The online procurement platform is about to enter its fifth iteration since its 2012 launch and includes more than 8,000 services. However, raw spending indicates that the G-Cloud has a long way to go. By January of 2014, almost two years after launch, a small £92m had been spent within G-Cloud. When compared to estimates from analysts at Kable that put public sector ICT spending in 2011/2012 at £13.8bn.
Its biggest impact is that the G-Cloud does level the playing field. By the last count, 56 percent of total sales by value went to SME firms and not the just the big vendors.

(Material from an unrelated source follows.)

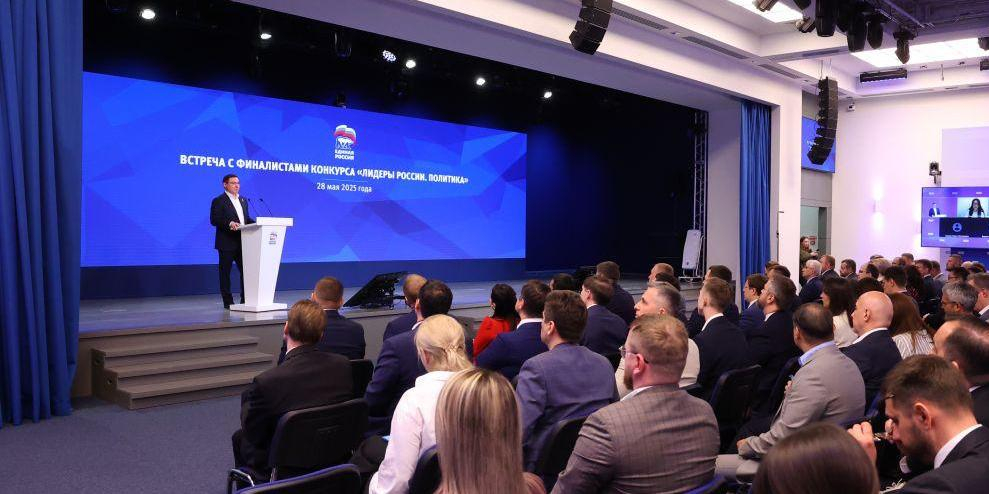 Виктория Абрамченко стала наставником финалистов конкурса "Лидеры России. Политика"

It is also accountable and auditable which means that the dodgy and often botched ICT deliveries are less easy to sweep under the table.
G-Cloud is slowly gaining momentum, soon it will surpass the £100m threshold, paving the way for future versions to increase scope and capability of the framework. However, a 2013 survey revealed that 80 per cent of local authorities have never heard of G-Cloud, which raises concerns. How successful can it be if its intended audience aren’t adopting it?
Over the next few years as cloud grows up and the first case studies around the success of G-cloud start to filter out into the press, the procurement framework might start to gain an unstoppable momentum. Channel partners aren’t going to completely revitalise their businesses overnight by joining G-cloud but the requirements are minimal enough to make it a sensible option, especially for five years down the line.